** Task requirements **
In this exercise, the entries below include pictures. Repeat exactly the lines from the line with "Simple Abstract Black" to the line with "Women Vintage Genuine", including both, but without the pictures.

═══ Excerpted records ═══

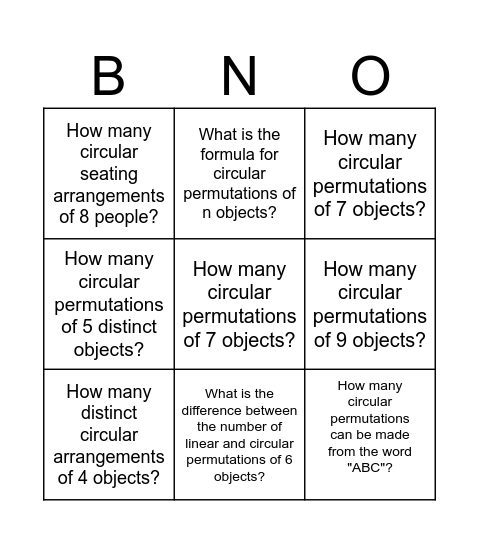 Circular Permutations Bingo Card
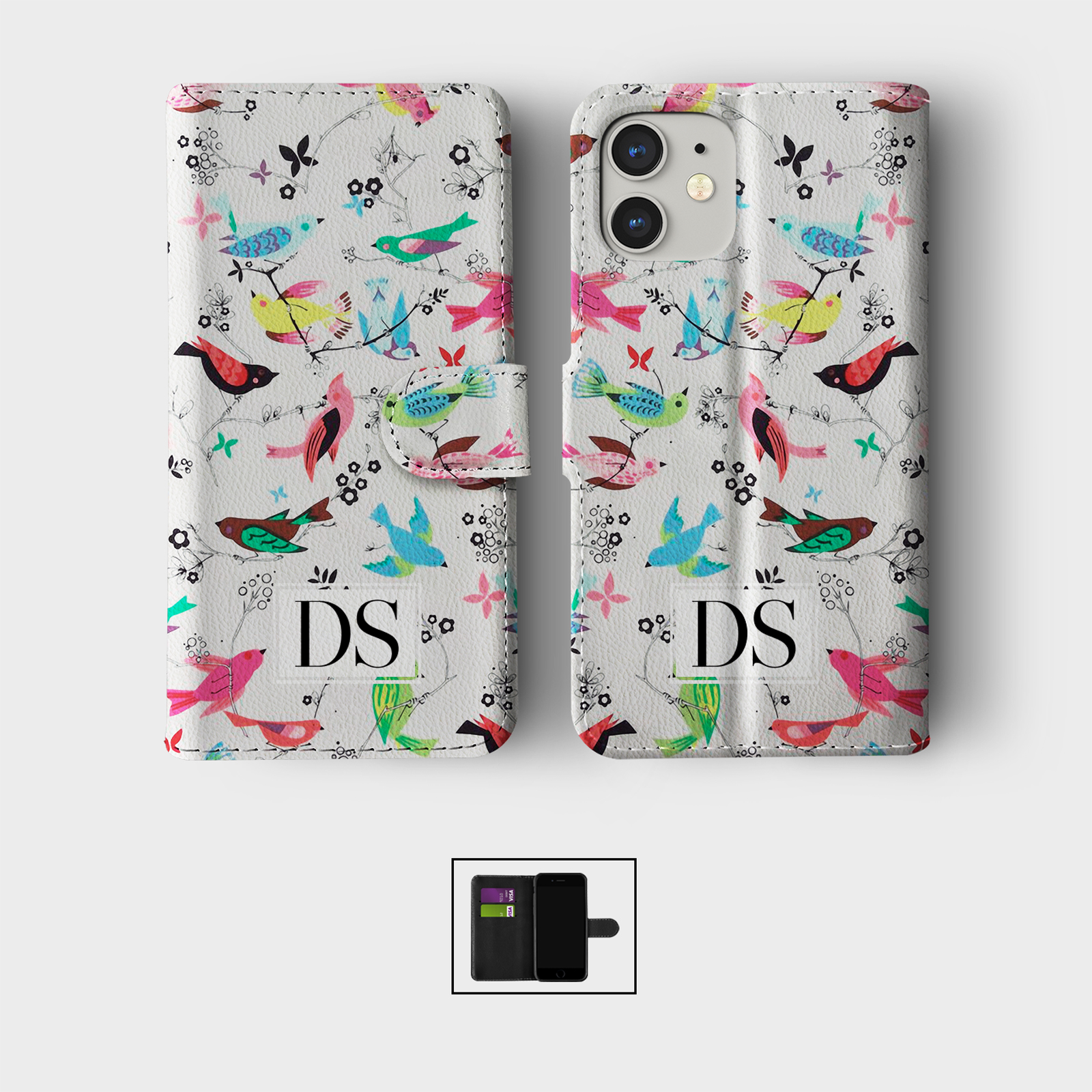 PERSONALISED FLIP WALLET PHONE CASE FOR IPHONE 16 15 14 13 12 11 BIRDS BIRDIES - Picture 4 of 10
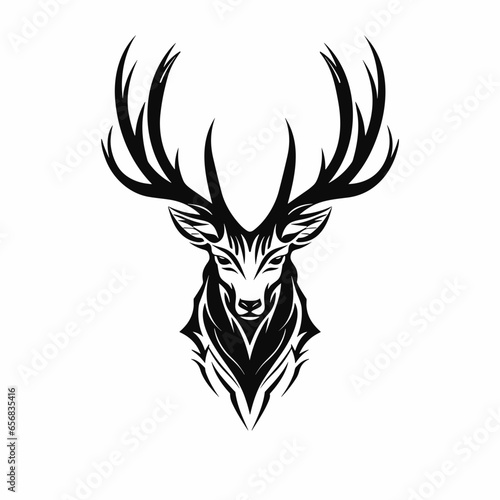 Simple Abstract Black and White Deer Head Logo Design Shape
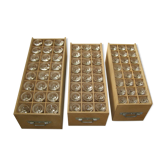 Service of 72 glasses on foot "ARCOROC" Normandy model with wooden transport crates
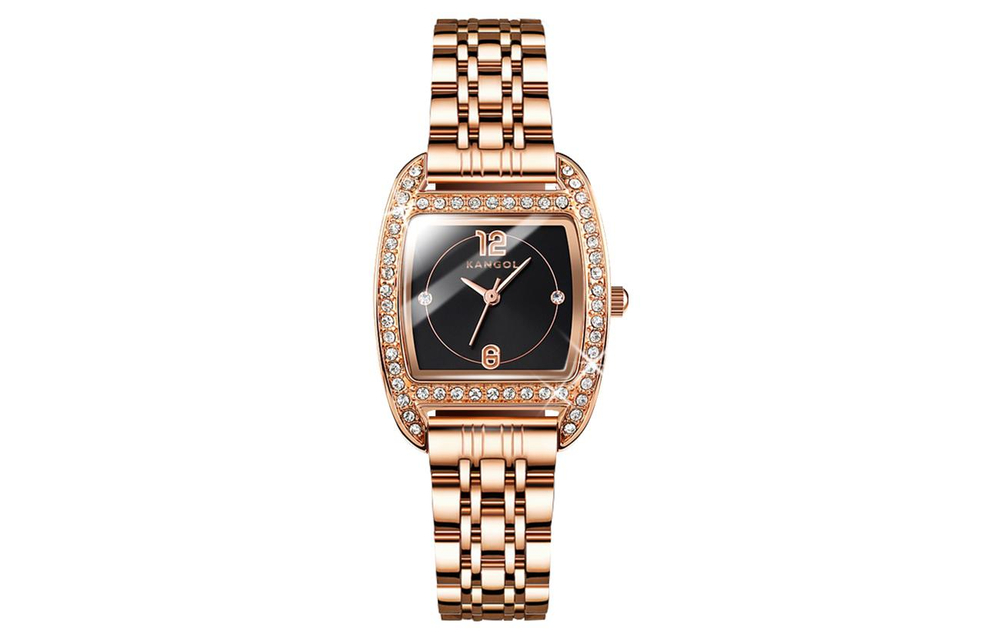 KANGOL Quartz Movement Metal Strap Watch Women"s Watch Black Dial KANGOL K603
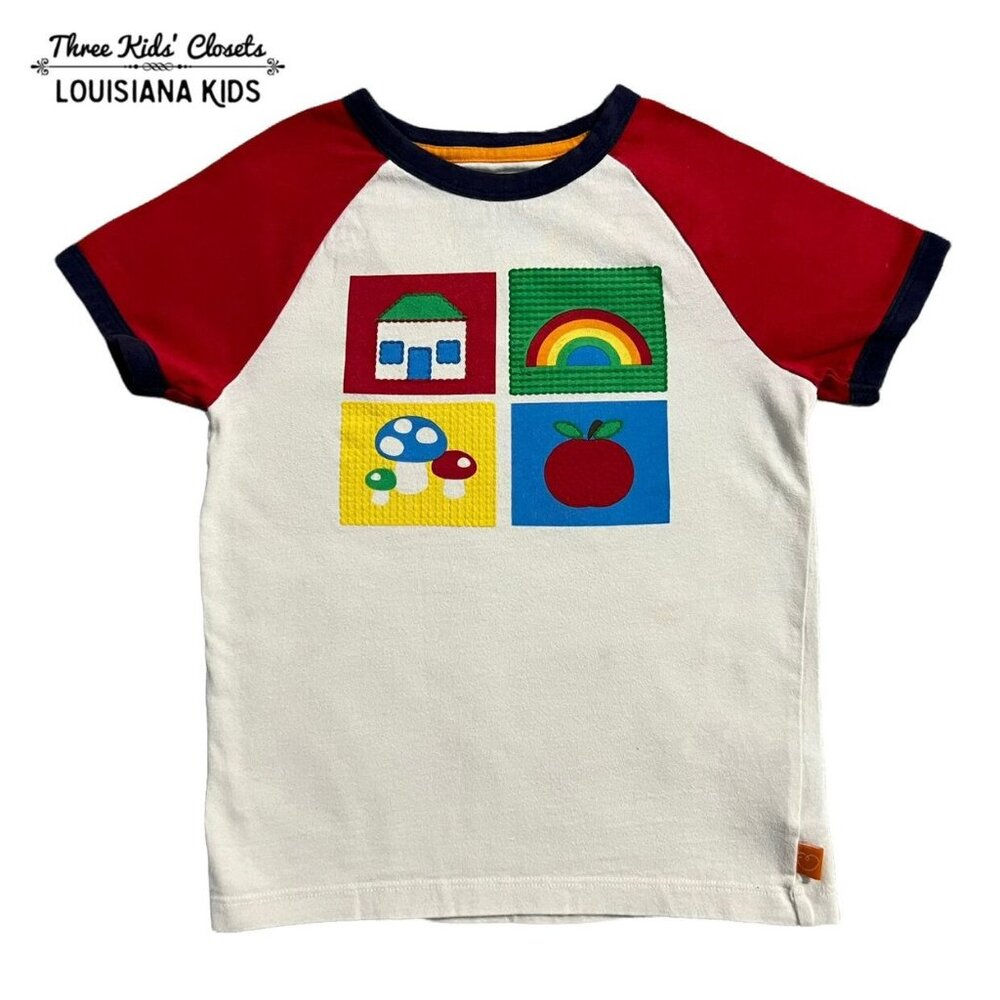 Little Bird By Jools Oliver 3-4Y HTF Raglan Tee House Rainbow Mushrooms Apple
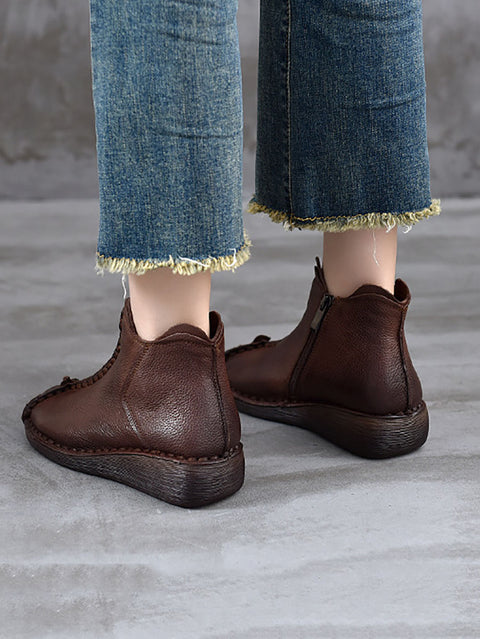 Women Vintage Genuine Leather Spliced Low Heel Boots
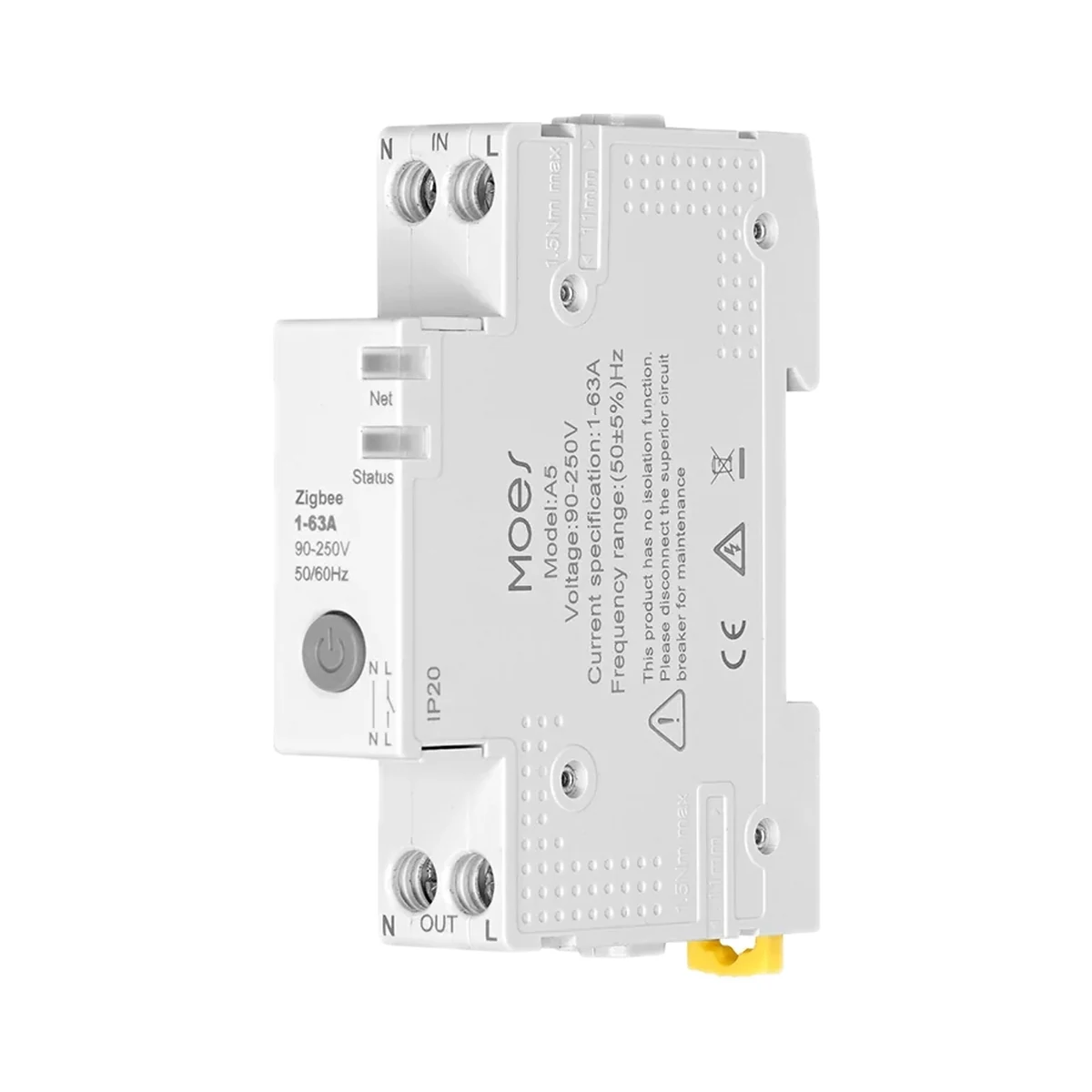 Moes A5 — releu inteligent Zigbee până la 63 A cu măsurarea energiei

═══

** Response for this exercise **
 Simple Abstract Black and White Deer Head Logo Design Shape
 Service of 72 glasses on foot "ARCOROC" Normandy model with wooden transport crates
 KANGOL Quartz Movement Metal Strap Watch Women"s Watch Black Dial KANGOL K603
 Little Bird By Jools Oliver 3-4Y HTF Raglan Tee House Rainbow Mushrooms Apple
 Women Vintage Genuine Leather Spliced Low Heel Boots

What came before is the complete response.